[What this task involves] Give again, word for word, every line below from the one that has "Slfdarla Ls Knit" through the one that has "Peinture laque CÉCIL", both included, and no others.

(Data records)
╭──

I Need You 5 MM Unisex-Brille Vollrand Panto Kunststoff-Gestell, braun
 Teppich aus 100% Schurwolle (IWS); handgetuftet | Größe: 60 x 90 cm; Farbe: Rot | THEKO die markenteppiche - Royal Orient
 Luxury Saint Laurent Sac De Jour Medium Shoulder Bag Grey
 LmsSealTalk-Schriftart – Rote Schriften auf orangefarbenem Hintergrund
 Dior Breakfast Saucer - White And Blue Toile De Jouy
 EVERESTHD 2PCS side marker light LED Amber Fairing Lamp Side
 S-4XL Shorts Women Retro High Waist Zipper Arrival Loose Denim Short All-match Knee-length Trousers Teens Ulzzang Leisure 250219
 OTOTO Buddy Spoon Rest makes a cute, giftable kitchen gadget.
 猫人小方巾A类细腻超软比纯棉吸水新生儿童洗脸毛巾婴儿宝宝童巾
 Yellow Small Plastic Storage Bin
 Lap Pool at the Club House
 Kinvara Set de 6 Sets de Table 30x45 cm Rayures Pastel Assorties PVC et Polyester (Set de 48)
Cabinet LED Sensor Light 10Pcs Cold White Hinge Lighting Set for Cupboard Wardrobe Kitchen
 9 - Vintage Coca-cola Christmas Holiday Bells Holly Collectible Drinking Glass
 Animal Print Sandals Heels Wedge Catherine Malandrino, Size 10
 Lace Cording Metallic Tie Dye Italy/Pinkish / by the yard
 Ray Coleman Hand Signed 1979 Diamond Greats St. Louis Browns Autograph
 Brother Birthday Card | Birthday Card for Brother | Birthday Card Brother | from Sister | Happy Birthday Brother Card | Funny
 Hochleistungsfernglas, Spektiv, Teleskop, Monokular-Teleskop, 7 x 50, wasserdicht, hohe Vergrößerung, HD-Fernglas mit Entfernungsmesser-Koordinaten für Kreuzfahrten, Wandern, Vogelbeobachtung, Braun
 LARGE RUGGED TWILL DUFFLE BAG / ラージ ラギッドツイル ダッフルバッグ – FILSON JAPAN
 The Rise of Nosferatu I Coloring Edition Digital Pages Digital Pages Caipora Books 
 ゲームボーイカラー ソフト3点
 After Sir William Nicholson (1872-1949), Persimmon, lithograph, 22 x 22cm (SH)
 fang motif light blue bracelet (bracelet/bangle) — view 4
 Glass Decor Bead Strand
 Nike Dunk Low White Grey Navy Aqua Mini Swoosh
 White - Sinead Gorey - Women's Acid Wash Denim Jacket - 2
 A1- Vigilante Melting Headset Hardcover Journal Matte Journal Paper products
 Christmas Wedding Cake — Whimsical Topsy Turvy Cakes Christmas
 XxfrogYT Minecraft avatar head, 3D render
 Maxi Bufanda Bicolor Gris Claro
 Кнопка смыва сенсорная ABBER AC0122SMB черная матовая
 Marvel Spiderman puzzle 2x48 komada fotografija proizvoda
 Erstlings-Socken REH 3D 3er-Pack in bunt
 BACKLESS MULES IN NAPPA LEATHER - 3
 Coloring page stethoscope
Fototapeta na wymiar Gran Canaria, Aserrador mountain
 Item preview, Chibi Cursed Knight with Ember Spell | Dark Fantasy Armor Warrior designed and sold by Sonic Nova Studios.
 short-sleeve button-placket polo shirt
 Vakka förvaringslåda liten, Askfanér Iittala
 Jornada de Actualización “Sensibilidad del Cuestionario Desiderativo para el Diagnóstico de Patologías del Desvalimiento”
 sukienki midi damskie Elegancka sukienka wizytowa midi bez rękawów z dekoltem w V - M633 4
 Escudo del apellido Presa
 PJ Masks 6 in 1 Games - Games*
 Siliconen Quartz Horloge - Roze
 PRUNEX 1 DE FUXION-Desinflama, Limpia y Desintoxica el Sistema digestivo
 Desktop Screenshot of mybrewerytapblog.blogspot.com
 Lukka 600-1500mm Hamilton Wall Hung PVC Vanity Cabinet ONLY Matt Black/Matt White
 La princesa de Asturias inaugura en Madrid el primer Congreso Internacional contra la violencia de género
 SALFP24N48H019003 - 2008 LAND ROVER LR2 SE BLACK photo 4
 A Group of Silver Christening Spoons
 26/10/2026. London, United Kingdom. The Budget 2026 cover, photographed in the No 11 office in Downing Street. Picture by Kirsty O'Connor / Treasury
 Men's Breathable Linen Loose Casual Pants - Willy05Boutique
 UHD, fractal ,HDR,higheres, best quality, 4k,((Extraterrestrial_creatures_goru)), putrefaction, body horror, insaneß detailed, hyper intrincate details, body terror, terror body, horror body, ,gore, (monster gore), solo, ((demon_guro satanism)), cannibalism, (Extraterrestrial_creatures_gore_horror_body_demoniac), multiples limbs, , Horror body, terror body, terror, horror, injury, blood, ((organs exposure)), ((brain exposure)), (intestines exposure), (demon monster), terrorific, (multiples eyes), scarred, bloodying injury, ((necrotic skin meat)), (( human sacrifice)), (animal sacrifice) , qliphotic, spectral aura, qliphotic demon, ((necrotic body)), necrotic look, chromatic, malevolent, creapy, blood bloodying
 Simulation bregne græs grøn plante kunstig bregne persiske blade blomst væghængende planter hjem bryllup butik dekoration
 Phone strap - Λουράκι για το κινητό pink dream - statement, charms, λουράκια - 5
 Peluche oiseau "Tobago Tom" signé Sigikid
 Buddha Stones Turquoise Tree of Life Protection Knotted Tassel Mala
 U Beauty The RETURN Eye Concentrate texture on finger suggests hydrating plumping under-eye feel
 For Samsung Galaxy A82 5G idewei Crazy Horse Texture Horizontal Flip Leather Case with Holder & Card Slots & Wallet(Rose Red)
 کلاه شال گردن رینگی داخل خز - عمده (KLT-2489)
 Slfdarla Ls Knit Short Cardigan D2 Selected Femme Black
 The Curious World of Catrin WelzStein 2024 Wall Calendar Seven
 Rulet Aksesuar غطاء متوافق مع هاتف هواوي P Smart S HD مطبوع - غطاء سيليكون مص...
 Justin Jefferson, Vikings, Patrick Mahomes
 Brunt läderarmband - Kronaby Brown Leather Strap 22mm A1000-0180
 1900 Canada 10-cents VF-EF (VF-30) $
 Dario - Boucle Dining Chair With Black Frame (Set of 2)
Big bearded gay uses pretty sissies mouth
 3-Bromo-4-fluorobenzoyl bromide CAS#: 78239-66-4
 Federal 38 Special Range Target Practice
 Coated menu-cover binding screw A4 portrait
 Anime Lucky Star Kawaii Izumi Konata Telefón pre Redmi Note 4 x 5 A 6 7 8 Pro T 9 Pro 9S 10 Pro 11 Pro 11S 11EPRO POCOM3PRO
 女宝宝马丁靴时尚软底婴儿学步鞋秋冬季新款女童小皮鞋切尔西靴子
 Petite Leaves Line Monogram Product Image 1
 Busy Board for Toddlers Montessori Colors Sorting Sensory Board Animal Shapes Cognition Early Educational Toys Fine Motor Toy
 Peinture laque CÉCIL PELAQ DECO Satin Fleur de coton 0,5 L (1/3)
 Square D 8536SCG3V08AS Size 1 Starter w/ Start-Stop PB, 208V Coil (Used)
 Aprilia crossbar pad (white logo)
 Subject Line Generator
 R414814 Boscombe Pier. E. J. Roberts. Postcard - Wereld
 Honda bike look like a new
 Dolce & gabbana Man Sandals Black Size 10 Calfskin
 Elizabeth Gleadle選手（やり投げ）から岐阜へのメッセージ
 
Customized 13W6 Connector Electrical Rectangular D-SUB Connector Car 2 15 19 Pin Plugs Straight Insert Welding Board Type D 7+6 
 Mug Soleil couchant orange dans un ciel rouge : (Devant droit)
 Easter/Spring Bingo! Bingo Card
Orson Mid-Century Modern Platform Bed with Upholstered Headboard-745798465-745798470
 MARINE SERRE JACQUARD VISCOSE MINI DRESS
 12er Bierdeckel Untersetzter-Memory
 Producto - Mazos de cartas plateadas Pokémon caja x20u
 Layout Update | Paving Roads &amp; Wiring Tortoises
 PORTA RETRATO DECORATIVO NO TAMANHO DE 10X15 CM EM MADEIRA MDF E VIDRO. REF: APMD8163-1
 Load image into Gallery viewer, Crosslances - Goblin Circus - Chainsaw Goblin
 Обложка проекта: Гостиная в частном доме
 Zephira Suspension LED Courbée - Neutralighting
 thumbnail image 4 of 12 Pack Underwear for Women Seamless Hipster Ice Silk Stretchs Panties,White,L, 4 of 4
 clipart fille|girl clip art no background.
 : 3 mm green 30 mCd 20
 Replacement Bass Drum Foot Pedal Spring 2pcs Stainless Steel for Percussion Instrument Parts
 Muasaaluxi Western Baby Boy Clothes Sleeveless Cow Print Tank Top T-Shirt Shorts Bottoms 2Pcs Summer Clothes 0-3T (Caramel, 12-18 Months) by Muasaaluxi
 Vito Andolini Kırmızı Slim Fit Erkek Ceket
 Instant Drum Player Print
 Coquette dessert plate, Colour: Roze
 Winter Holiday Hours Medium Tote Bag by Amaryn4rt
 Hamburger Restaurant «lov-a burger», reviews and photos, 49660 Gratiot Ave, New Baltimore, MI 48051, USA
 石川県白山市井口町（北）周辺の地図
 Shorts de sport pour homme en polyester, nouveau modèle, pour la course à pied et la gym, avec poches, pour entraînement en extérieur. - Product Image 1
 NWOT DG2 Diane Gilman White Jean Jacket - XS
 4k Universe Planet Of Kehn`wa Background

╰──

[Completed exercise]
 Slfdarla Ls Knit Short Cardigan D2 Selected Femme Black
 The Curious World of Catrin WelzStein 2024 Wall Calendar Seven
 Rulet Aksesuar غطاء متوافق مع هاتف هواوي P Smart S HD مطبوع - غطاء سيليكون مص...
 Justin Jefferson, Vikings, Patrick Mahomes
 Brunt läderarmband - Kronaby Brown Leather Strap 22mm A1000-0180
 1900 Canada 10-cents VF-EF (VF-30) $
 Dario - Boucle Dining Chair With Black Frame (Set of 2)
Big bearded gay uses pretty sissies mouth
 3-Bromo-4-fluorobenzoyl bromide CAS#: 78239-66-4
 Federal 38 Special Range Target Practice
 Coated menu-cover binding screw A4 portrait
 Anime Lucky Star Kawaii Izumi Konata Telefón pre Redmi Note 4 x 5 A 6 7 8 Pro T 9 Pro 9S 10 Pro 11 Pro 11S 11EPRO POCOM3PRO
 女宝宝马丁靴时尚软底婴儿学步鞋秋冬季新款女童小皮鞋切尔西靴子
 Petite Leaves Line Monogram Product Image 1
 Busy Board for Toddlers Montessori Colors Sorting Sensory Board Animal Shapes Cognition Early Educational Toys Fine Motor Toy
 Peinture laque CÉCIL PELAQ DECO Satin Fleur de coton 0,5 L (1/3)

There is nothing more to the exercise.